A blood donation occurs when a person voluntarily has blood drawn and used for transfusions and/or made into biopharmaceutical medications by a process called fractionation (separation of whole blood components). Donation may be of whole blood, or of specific components directly (apheresis). Blood banks often participate in the collection process as well as the procedures that follow it.

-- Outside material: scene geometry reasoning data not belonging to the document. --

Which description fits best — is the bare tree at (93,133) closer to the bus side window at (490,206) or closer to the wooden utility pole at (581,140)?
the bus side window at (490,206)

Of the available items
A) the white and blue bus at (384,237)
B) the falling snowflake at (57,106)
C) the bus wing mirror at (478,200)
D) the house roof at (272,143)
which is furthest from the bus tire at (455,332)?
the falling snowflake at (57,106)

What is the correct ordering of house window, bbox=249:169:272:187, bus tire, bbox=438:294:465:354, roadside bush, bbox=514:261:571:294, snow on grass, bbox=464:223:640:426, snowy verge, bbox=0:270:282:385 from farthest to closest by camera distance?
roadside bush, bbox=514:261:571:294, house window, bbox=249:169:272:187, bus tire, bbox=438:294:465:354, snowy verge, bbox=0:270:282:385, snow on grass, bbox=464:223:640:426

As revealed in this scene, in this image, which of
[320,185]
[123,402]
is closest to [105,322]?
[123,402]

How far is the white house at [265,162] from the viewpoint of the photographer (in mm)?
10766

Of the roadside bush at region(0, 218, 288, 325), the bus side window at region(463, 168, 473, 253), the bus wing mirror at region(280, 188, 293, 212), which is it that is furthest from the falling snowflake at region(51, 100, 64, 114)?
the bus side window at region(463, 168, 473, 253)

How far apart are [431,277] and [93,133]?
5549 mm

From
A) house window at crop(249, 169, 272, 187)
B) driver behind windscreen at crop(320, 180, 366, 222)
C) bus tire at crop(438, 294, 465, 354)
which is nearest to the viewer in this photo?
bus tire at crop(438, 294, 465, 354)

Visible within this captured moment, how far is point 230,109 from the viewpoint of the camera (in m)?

Today in the developed world, most blood donors are unpaid volunteers who donate blood for a community supply. In some countries, established supplies are limited and donors usually give blood when family or friends need a transfusion (directed donation). Many donors donate for several reasons, such as a form of charity, general awareness regarding the demand for blood, increased confidence in oneself, helping a personal friend or relative, and social pressure. Despite the many reasons that people donate, not enough potential donors actively donate. However, this is reversed during disasters when blood donations increase, often creating an excess supply that will have to be later discarded. In countries that allow paid donation some people are paid, and in some cases there are incentives other than money such as paid time off from work. People can also have blood drawn for their own future use (autologous donation). Donating is relatively safe, but some donors have bruising where the needle is inserted or may feel faint.

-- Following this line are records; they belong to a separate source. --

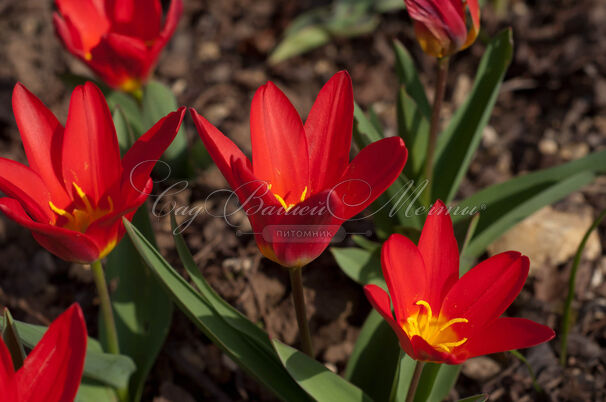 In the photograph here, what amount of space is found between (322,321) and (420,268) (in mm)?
833

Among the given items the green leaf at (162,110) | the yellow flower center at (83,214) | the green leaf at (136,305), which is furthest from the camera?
the green leaf at (162,110)

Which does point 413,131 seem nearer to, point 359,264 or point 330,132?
point 359,264

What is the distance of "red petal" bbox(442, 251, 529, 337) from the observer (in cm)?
113

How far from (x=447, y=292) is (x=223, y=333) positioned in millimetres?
453

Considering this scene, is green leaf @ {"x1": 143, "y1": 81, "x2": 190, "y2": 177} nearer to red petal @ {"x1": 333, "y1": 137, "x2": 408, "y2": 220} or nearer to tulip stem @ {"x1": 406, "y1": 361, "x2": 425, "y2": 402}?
red petal @ {"x1": 333, "y1": 137, "x2": 408, "y2": 220}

Potential donors are evaluated for anything that might make their blood unsafe to use. The screening includes testing for diseases that can be transmitted by a blood transfusion, including HIV and viral hepatitis. The donor must also answer questions about medical history and take a short physical examination to make sure the donation is not hazardous to their health. How often a donor can donate varies from days to months based on what component they donate and the laws of the country where the donation takes place. For example, in the United States, donors must wait 56 days (eight weeks) between whole-blood donations but only seven days between platelet apheresis donations and twice per seven-day period in plasmapheresis.
The amount of blood drawn and the methods vary. The collection can be done manually or with automated equipment that takes only specific components of the blood. Most of the components of blood used for transfusions have a short shelf life, and maintaining a constant supply is a persistent problem. This has led to some increased interest in autotransfusion, whereby a patient's blood is salvaged during surgery for continuous reinfusion—or alternatively, is self-donated prior to when it will be needed. Generally, the notion of donation does not refer to giving to one's self, though in this context it has become somewhat acceptably idiomatic.